Yo tenía un amigo sirio, Michel. Él me hablaba embobado de lo bonito que era su país, me quería llevar a las ruinas de Palmyra, y decía que Damasco antes de la guerra no tenía nada que envidiar a Barcelona como ciudad europea, cosmopolita, abierta. Ni a Londres, ni a Berlín. Conocí a Michel en la biblioteca, una de mis tardes de oposición consumida entre papeles. Él me pidió un folio, y después de aquello nos hicimos amigos. Pasé de estudiar aquel día por escucharle hablar de su país. Entonces hacía dos años de la guerra, hoy cinco. “¿Bashar Al-Assad?”, le pregunté. Él sonrió traviesamente hacia un lado, subió la cabeza, tragó, y luego ya me contestó. “Es mi colega”, me dijo. “En serio, él es oftalmólogo, como yo”. Nos echamos a reír.

Bashar Al-Assad hay que explicarlo como lo hacía Michel, no como un sádico tirano con sed de rebeldes, sino como un hombre que ni siquiera tenía pensado en su vida gobernar. Él estudió medicina en Damasco, sirvió como médico del ejército, e hizo su posgrado en Londres. “Era bueno”, decía Michel. Pero su hermano mayor, Basel, quien debía sustituir a su padre en el gobierno, murió. Y Bashar tuvo que volver muy a su pesar. Se casó con una licenciada en informática. De verdad, una mujer licenciada en Siria, y esposa del presidente, y sin velo.

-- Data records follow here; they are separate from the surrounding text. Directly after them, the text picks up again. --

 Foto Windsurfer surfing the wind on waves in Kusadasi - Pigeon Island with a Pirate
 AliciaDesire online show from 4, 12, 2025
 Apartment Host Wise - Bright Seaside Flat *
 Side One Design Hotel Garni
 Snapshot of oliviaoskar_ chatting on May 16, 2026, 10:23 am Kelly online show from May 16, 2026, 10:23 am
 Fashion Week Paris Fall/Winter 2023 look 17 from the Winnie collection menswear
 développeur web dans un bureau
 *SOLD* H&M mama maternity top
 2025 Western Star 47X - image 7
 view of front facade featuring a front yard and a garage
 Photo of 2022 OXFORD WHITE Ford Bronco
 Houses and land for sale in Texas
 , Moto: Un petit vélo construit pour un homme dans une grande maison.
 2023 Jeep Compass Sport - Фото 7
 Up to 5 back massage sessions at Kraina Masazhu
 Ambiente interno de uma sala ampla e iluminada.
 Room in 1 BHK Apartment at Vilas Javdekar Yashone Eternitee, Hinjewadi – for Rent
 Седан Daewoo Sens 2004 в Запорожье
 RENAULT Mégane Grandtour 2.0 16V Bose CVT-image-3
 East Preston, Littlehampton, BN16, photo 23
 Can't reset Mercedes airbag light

Siria, país de mayoría musulmana sunní, lleva desde el año 63 gobernado por el partido Baath, y desde el año setenta gobernado por dirigentes de la familia Al-Assad pertenecientes a este partido, y podríamos decir que era paradigmático en cuanto a la convivencia religiosa. Algo realmente extraño sucedía en este lugar, debido a que la familia Al-Assad, de la tribu musulmana alawí, no consideraba que la religión islámica debiera imponerse como norma civil, y decretaba la libertad religiosa. Libertad religiosa en Oriente Medio, aunque nadie dé crédito, protegida en el artículo 3 de su Constitución con un tajante “El Estado debe respetar todas las religiones…” Los cristianos podían estudiar, podían ostentar cargos, podían ir a misa sin esconderse, la Navidad o domingo de resurrección podían celebrarse a nivel nacional, las mujeres podían ir tranquilamente sin velo por la calle… Pero Siria era más cosas. Un país muy seguro, el más seguro de Oriente Medio. Un país próspero, rico, avanzado, sin dependencia extranjera de crédito, con reservas de crudo nacionales, y una posición geoestratégica y comercial privilegiada. Quizá estos fueran sus pecados.

 “¡Es tan fácil venderle a Occidente la historia del dictador en un país árabe al que hay que liberar!” decía una misionera argentina del Instituto del Verbo Encarnado en Aleppo. Pero lo cierto es que pocas lecciones tiene que dar Occidente a uno de los países que fueron la cuna de la civilización. Hace escasas dos semanas, TVE dejaba escuchar mediante su reportero en Siria que “seguramente por miedo, pero aún no hemos encontrado a ningún sirio que quiera declarar en contra de su presidente…” Por miedo será.

Para Michel, la respuesta a todas las preguntas sobre este gobernante estaban en un solo hecho: “Bashar no ha abandonado Siria en guerra ni ha sacado a su familia de allí».